Enhancing Global Dialogue in Sociocultural, Political, Economic and Health Determinants in SARA

Wednesday, 9 July 2008: 10:50 AM
Rose E. Constantino, PhD, JD, RN, BSN, MN , Health and Community Systems, University of Pittsburgh School of Nursing, Pittsburgh, PA
Faustino, Jerome G. Babate, RN, MBA , Community Health, The Graduate School of Dadiangas University, General Santos, Philippines
Patricia A. Crane, PhD, MSN, RNC, WHNP , Women's Health, University of Texas Medical Branch, Galveston, TX
Ayman Hamdan-Mansour, PhD, MSc, RN , Community Health Nursing, University of Jordan, Amman, Jordan
Kawkab Shishani, PhD, MSN, BSN , Hashemite University, Zarqa, Jordan
Honorable Tricia R. Hunter, RN, MN , Government Relations Group, Sacramento, CA
The purpose of this presentation is to demonstrate with case examples that sociocultural political, economic, and health determine the feasibility, acceptability, and effectiveness of HELP. Various definitions of SARA in the US, Jordan, and the Philippines exist while multiple intersecting factors impact SARA care globally. Within each country, vast variations, attitudes and opinions regarding SARA crimes and suffering evolve. Often, recognition of differences within and among culturally defined populations is lacking.

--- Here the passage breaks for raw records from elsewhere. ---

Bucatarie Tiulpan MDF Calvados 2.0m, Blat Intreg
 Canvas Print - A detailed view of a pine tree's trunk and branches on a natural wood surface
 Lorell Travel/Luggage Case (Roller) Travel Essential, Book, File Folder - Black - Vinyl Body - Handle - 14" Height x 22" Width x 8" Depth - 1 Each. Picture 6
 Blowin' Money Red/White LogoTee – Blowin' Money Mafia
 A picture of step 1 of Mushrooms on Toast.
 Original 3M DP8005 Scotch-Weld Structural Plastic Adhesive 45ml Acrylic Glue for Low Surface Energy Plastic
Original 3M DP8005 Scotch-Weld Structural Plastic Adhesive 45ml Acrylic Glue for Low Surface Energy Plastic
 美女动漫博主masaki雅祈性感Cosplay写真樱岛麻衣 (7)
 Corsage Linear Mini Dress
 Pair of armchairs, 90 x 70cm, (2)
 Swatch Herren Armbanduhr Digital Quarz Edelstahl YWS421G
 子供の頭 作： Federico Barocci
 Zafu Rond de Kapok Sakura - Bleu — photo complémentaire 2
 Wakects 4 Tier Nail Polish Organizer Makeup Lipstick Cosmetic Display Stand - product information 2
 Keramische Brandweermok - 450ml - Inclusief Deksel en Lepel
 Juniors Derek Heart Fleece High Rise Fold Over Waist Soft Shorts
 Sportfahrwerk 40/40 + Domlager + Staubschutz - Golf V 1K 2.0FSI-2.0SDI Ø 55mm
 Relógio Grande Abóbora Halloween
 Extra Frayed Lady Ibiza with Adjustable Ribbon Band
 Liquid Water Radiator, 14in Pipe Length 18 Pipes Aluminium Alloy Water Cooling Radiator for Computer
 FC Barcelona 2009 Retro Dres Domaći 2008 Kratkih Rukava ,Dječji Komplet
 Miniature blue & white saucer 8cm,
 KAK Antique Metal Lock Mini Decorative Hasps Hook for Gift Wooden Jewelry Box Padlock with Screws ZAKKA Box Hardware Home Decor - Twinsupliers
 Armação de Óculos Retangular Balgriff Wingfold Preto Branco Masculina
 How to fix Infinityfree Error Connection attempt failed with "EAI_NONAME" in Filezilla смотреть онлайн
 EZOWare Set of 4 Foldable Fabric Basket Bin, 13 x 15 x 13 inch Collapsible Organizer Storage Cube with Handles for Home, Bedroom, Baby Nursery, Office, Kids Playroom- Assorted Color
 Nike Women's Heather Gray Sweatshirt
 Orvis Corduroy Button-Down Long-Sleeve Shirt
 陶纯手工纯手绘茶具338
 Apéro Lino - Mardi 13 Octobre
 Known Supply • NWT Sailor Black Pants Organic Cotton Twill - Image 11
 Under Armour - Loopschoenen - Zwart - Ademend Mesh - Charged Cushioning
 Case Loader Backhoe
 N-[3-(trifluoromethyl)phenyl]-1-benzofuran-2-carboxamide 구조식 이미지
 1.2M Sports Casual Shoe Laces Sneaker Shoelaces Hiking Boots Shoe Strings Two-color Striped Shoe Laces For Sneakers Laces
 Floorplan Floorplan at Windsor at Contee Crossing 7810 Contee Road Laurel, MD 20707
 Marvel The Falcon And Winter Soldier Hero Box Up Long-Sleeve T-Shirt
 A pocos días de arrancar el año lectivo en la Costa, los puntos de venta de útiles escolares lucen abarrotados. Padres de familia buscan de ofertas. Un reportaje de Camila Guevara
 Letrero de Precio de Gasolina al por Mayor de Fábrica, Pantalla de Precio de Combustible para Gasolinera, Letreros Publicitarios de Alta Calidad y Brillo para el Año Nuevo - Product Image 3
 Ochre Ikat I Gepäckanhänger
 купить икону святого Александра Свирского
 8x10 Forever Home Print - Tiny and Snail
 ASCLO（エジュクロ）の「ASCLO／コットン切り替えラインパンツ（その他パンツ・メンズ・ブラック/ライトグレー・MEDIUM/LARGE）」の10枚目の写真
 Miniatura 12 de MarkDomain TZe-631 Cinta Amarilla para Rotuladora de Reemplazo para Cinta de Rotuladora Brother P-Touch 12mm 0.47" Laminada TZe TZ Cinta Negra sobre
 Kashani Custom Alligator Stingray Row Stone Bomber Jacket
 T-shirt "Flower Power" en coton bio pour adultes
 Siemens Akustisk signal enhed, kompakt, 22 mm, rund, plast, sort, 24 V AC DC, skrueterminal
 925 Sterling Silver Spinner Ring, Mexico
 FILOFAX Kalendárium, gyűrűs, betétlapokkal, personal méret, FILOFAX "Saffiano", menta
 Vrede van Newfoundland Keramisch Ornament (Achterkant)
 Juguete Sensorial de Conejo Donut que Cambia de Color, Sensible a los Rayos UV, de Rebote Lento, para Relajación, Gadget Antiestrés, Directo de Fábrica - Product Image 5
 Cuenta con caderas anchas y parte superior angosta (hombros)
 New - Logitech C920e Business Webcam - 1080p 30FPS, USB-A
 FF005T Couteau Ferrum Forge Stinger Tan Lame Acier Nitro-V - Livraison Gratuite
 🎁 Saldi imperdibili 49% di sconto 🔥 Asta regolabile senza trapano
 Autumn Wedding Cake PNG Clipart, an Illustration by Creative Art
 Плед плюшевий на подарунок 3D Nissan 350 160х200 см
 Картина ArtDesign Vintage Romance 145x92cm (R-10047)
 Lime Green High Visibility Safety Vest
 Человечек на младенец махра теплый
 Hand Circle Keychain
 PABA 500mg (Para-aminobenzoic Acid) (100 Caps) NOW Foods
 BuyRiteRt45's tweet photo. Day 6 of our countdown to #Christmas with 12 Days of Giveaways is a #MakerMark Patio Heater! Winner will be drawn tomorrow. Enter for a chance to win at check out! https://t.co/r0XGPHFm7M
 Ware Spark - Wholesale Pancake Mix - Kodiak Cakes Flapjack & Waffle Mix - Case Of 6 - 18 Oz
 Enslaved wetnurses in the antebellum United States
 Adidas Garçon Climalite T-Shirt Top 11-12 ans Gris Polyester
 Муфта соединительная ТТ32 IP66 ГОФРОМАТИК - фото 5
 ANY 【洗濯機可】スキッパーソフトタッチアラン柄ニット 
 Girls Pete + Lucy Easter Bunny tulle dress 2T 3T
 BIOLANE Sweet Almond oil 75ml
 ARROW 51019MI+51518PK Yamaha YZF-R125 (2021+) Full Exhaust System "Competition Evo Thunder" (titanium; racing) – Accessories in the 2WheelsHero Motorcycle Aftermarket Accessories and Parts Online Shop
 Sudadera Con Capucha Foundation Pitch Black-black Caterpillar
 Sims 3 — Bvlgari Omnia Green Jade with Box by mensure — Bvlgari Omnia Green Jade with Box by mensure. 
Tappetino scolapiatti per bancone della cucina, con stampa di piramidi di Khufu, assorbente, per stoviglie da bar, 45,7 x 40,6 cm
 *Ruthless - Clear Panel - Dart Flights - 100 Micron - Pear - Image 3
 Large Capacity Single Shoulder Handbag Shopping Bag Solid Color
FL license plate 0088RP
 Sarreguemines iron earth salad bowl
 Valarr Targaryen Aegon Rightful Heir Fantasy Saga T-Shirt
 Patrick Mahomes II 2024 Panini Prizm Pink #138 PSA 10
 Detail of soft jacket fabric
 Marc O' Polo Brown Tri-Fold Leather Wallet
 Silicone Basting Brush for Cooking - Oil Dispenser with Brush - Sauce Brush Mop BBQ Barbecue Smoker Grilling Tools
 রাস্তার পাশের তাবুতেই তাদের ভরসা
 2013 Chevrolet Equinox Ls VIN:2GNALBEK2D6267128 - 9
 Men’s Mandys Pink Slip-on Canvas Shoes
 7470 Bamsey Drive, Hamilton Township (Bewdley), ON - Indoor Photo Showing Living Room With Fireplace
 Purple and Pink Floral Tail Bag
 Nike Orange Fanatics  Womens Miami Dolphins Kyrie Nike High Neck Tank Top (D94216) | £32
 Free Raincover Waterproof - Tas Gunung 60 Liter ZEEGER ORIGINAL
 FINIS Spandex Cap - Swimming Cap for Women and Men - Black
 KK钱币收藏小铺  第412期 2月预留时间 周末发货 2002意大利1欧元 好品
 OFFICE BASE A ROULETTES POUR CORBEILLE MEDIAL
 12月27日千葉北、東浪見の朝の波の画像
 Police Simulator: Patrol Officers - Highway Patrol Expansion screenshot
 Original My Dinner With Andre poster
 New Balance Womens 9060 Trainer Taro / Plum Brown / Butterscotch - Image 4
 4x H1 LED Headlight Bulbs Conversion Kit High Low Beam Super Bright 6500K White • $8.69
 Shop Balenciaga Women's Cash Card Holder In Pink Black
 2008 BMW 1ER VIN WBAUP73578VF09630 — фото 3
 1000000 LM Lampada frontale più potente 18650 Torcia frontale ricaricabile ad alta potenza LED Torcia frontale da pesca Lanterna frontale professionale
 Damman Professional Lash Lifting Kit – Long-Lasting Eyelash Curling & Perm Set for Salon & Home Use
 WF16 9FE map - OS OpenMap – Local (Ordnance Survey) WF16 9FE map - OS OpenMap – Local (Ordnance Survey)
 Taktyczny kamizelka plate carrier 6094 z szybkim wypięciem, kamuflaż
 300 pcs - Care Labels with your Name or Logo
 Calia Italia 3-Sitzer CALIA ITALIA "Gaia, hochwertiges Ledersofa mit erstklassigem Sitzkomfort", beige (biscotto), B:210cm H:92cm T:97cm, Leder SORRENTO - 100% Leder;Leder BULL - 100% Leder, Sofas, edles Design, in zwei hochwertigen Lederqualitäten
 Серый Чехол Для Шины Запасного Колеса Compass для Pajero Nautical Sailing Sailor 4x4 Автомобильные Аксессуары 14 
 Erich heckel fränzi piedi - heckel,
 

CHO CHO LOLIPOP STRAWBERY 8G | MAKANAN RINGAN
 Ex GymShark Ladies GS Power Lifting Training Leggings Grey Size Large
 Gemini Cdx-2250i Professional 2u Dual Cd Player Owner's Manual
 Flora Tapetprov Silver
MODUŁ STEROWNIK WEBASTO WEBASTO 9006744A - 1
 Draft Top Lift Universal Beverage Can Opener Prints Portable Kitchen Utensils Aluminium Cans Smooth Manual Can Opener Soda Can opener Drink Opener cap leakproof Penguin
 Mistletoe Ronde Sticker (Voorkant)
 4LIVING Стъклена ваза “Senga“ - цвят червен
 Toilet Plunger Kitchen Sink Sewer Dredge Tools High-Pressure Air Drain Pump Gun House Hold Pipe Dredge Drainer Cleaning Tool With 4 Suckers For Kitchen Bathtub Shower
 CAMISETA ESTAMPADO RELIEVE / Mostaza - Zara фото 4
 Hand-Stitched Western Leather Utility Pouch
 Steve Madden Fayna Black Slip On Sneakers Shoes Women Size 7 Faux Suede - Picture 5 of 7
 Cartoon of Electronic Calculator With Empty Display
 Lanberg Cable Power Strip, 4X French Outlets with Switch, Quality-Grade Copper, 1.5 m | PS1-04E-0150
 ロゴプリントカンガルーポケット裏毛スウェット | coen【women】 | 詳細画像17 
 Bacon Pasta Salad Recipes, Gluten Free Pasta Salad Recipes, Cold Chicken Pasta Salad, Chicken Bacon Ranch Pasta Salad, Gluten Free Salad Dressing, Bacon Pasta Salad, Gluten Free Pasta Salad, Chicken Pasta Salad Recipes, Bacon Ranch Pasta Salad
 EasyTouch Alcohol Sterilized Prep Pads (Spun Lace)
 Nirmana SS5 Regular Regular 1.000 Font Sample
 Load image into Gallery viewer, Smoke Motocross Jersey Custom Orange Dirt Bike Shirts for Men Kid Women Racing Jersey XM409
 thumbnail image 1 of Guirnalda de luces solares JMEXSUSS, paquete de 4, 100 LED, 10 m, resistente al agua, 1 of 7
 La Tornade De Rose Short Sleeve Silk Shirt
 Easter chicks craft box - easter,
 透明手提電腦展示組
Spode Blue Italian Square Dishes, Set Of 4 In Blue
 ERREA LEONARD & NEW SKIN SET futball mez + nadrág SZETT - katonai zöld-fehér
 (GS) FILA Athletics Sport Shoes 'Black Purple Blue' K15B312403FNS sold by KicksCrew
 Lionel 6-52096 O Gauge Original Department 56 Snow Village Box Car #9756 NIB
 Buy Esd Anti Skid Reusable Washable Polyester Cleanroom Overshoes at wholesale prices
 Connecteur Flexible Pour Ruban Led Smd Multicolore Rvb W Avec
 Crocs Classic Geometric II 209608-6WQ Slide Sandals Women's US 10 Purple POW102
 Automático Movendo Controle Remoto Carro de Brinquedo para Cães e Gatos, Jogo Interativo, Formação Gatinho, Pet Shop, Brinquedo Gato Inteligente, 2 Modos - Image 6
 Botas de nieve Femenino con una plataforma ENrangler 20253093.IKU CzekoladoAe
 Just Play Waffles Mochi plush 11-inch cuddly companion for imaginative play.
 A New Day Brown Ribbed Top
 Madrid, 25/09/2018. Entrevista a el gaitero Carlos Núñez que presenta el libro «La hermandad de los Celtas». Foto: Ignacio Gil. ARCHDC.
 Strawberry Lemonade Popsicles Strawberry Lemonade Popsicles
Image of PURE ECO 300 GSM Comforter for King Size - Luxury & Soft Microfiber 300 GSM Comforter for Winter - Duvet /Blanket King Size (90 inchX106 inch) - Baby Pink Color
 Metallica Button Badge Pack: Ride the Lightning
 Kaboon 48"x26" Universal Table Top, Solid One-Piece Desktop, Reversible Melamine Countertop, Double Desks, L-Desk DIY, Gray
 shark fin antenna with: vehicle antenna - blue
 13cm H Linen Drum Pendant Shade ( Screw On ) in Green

Other factors that may influence care include attitudes towards the human body, attitudes towards sex, gender, marriage and family, level of understanding and acceptance of the sexual activities and practices of other cultures, individual survival, and attitudes towards victims of crime and criminals. SARA, HELP, and cultural competence will be defined. The World Health Organization's ecological model in tandem with the collaborative partnership synergy model will be explained. The usefulness of these models in enhancing SARA care their families and communities and villages is explained from a cultural competence and synergy perspective. Understanding the roots of SARA from personal, to family and community factors, social relationships, norms and behaviors, and influence of society at large that affect the sanctions or protections against SARA perpetrators is crucial. The three levels of prevention in SARA care: primary level-before SARA occurs, secondary level-emergent and immediate treatment, and tertiary level-follow-care and long-term care will be addressed. HELP will be integrated as a holistic approach to improved care of survivors of SARA among countries. Examination of prejudices and attitudes among a diverse transdisciplinary care providers that convey respect for the values, beliefs, and customs is important. Culturally and technologically competent diverse transdisciplinary partners may offer ample opportunity to institute individual and institutional change globally and promote the feasibility, acceptability, and effectiveness of HELP outcomes while respecting human rights from a global perspective.